Before working for Arrow, Dal worked for Thiokol, which made the Chickadee ski lift at Snowbird. Thiokol also produced a range of other equipment for ski resorts, including snowcats and snow grooming vehicles. Those businesses were spun off in 1978 when the company restructured itself to concentrate on its rocket motors and related technologies. Their snowcats were used in ski resorts, operated by the USAF in Alaska, and are now popular with private owners for all terrain transport.
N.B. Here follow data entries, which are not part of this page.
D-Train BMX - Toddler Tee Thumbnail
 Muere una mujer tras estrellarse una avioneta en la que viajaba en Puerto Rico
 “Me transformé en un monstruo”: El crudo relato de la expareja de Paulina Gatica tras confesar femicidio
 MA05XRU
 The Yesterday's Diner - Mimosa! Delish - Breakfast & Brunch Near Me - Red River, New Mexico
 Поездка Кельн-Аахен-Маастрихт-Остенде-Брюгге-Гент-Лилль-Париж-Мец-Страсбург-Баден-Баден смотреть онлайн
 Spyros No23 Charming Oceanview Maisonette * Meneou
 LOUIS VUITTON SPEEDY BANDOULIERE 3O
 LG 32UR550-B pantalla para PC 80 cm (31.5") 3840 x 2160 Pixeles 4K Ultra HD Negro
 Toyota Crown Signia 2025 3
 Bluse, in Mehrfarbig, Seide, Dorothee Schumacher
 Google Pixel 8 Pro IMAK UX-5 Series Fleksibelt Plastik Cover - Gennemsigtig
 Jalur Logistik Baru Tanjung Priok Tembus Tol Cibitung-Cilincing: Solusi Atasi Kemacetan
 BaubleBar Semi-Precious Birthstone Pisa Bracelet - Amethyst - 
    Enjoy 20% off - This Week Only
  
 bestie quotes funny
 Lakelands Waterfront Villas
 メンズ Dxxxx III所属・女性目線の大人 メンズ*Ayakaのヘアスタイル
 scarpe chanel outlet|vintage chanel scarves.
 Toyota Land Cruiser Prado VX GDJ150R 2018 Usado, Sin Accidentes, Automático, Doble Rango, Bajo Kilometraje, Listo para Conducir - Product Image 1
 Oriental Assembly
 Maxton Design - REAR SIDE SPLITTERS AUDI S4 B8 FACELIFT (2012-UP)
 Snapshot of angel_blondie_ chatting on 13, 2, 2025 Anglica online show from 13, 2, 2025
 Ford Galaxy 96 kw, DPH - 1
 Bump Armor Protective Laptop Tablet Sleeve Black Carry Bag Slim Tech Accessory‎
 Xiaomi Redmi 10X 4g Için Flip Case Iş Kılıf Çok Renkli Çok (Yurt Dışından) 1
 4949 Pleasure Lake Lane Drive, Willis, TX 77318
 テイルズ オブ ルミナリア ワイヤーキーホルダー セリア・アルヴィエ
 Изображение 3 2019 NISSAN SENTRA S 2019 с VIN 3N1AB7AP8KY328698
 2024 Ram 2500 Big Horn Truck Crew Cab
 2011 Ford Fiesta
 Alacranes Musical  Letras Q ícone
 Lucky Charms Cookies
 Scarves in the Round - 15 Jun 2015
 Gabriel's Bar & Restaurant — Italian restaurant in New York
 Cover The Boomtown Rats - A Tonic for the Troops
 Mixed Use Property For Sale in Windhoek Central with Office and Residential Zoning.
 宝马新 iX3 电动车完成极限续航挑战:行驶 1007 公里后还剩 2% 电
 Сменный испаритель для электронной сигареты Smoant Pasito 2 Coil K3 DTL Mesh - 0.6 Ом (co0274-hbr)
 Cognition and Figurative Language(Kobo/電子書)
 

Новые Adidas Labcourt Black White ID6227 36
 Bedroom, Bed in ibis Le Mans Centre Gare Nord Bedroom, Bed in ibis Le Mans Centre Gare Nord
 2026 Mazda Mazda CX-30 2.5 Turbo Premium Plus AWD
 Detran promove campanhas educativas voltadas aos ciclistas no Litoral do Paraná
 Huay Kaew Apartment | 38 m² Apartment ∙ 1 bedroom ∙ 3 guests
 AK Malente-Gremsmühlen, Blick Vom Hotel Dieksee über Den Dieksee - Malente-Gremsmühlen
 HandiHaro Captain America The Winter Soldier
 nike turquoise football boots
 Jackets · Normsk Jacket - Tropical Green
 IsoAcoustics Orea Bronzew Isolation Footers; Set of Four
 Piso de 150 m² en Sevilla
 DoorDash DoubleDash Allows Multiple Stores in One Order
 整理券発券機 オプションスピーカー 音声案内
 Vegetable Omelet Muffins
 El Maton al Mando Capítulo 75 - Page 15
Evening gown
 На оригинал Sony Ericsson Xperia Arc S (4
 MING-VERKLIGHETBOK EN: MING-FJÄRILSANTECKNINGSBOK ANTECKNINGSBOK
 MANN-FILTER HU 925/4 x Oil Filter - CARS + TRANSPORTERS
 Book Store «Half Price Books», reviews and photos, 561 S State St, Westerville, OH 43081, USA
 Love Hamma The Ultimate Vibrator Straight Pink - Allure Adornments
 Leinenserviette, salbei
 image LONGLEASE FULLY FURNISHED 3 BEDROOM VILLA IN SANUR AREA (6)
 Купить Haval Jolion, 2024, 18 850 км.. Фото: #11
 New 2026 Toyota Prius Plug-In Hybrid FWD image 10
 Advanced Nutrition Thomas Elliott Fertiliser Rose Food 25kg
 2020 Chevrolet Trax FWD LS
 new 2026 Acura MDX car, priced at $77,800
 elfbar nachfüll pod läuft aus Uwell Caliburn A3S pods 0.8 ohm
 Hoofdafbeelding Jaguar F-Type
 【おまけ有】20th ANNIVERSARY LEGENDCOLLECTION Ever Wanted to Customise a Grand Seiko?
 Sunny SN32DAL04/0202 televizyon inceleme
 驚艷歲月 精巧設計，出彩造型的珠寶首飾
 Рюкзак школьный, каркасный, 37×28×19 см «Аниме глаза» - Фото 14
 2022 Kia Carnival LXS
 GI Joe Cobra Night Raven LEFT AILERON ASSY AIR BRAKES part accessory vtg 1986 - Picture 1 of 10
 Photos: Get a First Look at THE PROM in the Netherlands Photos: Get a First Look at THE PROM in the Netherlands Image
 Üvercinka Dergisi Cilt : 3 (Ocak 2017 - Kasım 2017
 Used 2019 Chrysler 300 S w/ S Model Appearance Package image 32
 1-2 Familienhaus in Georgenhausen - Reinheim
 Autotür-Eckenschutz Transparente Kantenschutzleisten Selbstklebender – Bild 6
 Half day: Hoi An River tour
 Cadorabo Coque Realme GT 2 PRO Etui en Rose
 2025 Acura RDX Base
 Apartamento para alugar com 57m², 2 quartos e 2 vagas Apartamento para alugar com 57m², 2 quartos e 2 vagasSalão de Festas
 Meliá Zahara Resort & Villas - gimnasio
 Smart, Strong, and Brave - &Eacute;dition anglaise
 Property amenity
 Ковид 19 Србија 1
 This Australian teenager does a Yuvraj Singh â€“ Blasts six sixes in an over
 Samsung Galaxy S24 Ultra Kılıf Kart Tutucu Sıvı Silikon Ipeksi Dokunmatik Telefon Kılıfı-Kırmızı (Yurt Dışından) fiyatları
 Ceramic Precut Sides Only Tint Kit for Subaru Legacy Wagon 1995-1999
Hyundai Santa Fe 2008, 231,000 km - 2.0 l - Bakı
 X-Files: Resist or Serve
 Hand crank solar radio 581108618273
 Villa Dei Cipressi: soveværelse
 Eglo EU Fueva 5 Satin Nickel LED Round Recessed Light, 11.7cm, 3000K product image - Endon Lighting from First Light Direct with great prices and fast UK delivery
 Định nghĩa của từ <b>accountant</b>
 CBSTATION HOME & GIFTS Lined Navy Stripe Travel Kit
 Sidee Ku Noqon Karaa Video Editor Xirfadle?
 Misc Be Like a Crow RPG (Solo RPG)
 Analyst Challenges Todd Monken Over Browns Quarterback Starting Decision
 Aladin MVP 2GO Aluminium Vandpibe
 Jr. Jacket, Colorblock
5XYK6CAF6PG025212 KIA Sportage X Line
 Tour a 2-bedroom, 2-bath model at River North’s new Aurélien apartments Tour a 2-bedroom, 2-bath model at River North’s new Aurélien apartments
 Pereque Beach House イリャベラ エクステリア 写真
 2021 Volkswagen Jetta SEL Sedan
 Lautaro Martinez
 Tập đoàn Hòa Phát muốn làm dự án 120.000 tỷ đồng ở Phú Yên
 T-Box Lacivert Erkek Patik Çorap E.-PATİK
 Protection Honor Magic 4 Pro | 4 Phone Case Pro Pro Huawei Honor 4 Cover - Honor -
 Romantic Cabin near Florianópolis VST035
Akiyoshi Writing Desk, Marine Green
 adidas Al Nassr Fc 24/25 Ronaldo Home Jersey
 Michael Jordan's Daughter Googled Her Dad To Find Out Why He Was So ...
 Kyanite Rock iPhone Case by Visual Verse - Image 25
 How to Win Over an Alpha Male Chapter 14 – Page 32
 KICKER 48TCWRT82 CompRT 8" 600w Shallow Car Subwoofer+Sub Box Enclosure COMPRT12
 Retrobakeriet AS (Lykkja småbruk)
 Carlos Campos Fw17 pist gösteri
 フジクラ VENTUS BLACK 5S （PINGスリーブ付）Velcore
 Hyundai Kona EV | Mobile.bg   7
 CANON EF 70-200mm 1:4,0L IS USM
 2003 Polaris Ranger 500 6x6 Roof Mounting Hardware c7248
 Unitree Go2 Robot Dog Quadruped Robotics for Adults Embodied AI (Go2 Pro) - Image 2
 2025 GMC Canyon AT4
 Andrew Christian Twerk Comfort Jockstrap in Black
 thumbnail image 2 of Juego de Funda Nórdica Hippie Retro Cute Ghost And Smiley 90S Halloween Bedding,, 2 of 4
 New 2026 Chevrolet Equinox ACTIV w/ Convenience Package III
At Lagoon, Dal's  first project was Wild Mouse. He worked on every Lagoon ride since; Spider, Samurai, Rocket, Rattlesnake Rapids, The Bat, Wicked, OdySea, Jumping Dragon and Bombora.

Dal's love for equipment started at a very early age, growing up on a farm in the Salt Lake Valley. He was driving a tractor by age five. Using and maintaining farm machinery instilled a curiosity to understand how things worked and what had to be done to fix them. That laid the foundation for pursuing a degree in mechanical engineering from the University of Utah. He also held Engineer Land Surveyor and Professional Structural Engineer licenses.

One of the things Dal truly enjoyed about working at Arrow was the opportunity to interact with the customers. From the time a new project began, he was interfacing with manufacturing during construction, consulting during field installation and test check-out and start-up of each new ride. No two projects were exactly alike and Dal enjoyed the unique challenges that each instillation brought.

He apparently saved the best for last, as Dal announced his retirement mid July 2015.